Data extract:
__________________________________________________

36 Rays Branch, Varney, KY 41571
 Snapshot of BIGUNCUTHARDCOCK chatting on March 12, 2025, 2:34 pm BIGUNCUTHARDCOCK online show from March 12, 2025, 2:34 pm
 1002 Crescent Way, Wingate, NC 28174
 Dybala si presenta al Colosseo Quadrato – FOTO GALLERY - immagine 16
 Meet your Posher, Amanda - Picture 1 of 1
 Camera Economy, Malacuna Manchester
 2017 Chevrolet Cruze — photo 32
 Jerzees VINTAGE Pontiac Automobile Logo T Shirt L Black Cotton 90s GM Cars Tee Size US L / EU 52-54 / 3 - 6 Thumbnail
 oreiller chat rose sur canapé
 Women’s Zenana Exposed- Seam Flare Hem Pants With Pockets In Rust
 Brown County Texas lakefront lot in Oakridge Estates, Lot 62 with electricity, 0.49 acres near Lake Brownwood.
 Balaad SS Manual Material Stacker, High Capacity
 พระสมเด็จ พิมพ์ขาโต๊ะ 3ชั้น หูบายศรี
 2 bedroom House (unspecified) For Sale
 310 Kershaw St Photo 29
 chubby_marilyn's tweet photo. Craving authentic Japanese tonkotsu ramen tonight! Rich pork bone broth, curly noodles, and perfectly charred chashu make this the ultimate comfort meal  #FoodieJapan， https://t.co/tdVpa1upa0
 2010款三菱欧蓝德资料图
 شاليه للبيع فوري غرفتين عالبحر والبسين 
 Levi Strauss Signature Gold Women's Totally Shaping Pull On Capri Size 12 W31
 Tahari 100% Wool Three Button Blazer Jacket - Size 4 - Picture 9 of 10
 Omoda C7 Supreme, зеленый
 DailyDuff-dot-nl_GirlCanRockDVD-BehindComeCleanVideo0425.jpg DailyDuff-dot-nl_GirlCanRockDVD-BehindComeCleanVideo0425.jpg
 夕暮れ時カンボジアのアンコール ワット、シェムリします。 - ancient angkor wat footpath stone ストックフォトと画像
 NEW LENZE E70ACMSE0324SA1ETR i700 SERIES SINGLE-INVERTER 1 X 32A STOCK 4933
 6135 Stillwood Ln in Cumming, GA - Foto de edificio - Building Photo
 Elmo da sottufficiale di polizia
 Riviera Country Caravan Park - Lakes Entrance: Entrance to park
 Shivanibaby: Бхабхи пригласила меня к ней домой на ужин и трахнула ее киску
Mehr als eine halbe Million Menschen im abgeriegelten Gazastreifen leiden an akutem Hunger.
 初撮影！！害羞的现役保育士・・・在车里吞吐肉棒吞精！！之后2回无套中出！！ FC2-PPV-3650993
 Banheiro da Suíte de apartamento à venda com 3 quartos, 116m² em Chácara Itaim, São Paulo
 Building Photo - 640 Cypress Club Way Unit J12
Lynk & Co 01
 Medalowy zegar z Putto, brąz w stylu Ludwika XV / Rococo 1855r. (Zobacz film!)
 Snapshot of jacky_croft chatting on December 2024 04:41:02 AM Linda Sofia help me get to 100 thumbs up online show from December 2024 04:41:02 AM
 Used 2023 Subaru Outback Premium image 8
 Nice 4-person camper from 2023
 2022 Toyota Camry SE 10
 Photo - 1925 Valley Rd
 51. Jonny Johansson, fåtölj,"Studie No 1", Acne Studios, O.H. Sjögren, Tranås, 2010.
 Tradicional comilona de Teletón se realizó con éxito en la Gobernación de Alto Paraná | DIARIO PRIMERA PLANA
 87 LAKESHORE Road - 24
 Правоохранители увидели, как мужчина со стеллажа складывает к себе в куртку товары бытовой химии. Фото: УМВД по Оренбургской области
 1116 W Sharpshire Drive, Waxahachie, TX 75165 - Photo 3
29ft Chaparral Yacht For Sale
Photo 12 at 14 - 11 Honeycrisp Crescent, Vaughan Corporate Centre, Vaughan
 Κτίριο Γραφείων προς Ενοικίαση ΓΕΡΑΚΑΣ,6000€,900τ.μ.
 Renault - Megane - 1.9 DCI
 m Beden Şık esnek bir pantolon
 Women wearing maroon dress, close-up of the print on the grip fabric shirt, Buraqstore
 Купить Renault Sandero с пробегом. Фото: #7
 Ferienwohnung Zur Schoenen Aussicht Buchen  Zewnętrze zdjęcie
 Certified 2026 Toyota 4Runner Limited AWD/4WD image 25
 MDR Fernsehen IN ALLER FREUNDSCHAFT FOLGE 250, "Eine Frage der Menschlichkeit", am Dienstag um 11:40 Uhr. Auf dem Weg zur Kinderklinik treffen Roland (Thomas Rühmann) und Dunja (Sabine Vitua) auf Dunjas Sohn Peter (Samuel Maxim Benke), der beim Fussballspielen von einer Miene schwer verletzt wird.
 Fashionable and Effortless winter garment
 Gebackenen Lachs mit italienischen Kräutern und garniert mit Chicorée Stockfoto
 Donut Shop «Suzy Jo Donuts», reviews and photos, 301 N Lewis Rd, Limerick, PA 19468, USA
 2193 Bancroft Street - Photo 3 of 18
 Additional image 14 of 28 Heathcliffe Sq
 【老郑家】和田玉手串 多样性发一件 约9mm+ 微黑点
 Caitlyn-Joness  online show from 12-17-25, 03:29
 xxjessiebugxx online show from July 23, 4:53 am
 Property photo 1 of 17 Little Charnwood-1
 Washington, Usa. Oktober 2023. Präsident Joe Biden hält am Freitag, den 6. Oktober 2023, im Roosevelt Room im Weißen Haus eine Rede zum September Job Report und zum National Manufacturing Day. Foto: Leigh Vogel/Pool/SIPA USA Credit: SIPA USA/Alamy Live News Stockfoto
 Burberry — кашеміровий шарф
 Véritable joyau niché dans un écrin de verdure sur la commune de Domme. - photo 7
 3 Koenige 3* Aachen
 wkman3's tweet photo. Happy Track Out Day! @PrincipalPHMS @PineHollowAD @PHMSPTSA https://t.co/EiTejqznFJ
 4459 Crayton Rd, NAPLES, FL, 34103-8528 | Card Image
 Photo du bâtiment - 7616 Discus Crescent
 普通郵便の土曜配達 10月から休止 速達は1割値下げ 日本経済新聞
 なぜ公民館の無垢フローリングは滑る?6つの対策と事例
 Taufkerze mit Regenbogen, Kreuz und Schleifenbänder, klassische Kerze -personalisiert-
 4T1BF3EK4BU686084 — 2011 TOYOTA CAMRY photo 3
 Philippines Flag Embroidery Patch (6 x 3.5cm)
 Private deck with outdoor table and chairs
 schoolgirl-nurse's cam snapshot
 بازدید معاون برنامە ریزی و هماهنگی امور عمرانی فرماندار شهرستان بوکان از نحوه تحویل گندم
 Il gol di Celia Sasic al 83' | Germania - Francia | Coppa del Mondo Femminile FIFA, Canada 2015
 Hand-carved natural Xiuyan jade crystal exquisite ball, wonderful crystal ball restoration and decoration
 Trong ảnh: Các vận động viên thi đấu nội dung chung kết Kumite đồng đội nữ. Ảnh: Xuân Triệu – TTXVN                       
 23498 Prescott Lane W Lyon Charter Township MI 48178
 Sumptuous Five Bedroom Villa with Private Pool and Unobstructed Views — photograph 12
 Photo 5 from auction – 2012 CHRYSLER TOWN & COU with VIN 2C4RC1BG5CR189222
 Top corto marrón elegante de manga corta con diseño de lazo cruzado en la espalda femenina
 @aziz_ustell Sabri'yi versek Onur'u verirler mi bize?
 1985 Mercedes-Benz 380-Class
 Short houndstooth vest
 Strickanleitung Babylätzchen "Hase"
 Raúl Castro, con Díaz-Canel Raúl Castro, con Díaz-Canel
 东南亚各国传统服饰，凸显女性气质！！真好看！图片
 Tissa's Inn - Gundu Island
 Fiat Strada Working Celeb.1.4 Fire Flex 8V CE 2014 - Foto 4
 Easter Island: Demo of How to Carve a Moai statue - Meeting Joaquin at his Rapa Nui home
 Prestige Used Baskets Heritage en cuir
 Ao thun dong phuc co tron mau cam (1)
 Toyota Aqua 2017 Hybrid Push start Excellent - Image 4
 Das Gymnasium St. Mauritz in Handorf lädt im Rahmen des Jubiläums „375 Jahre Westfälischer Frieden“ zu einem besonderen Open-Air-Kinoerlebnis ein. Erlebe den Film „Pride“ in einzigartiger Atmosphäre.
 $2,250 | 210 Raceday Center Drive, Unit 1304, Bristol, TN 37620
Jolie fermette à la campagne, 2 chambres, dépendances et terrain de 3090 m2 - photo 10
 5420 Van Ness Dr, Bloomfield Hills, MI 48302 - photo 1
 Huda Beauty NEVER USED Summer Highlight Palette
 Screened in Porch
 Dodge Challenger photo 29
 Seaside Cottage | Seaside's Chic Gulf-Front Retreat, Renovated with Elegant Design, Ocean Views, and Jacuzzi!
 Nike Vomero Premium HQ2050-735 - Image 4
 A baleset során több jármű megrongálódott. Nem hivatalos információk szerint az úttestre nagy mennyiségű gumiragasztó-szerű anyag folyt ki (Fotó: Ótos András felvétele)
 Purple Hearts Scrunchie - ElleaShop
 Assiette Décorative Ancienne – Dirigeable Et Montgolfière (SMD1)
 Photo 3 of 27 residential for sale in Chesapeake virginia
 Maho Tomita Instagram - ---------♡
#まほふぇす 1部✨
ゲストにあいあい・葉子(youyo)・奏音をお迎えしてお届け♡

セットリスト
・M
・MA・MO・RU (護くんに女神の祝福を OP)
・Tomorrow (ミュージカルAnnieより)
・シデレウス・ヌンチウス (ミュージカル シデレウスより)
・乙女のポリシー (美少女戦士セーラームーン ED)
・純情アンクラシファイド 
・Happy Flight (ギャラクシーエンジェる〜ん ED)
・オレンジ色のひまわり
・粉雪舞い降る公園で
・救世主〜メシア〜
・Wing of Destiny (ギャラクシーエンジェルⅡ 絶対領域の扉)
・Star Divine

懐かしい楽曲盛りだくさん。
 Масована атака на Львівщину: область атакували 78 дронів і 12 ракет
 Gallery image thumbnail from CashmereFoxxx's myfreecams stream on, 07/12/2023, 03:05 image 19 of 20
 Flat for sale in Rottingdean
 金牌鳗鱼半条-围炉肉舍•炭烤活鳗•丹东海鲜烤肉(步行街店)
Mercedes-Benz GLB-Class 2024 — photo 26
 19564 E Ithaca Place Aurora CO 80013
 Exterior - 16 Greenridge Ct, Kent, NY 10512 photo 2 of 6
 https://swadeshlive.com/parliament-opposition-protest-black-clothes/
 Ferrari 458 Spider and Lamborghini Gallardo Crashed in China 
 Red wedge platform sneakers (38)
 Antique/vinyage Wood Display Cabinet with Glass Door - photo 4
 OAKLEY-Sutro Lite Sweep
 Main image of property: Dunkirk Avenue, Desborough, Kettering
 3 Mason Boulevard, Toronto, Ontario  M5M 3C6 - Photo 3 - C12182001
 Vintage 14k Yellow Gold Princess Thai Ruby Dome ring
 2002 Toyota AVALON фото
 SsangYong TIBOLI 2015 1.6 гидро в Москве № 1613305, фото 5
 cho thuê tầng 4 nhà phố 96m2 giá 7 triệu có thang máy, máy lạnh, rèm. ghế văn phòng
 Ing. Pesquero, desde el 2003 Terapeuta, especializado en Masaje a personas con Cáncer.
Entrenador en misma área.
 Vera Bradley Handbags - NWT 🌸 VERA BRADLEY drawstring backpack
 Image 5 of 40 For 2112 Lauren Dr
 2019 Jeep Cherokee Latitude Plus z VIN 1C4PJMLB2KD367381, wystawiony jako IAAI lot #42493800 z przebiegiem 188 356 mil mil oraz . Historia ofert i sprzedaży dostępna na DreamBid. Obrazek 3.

__________________________________________________

What to produce: Everything starting at the line containing "Hand-carved natural Xiuyan" and ending at the line containing "verirler mi bize?" in the records above should be repeated exactly, and only that.

Solution to the problem:
 Hand-carved natural Xiuyan jade crystal exquisite ball, wonderful crystal ball restoration and decoration
 Trong ảnh: Các vận động viên thi đấu nội dung chung kết Kumite đồng đội nữ. Ảnh: Xuân Triệu – TTXVN                       
 23498 Prescott Lane W Lyon Charter Township MI 48178
 Sumptuous Five Bedroom Villa with Private Pool and Unobstructed Views — photograph 12
 Photo 5 from auction – 2012 CHRYSLER TOWN & COU with VIN 2C4RC1BG5CR189222
 Top corto marrón elegante de manga corta con diseño de lazo cruzado en la espalda femenina
 @aziz_ustell Sabri'yi versek Onur'u verirler mi bize?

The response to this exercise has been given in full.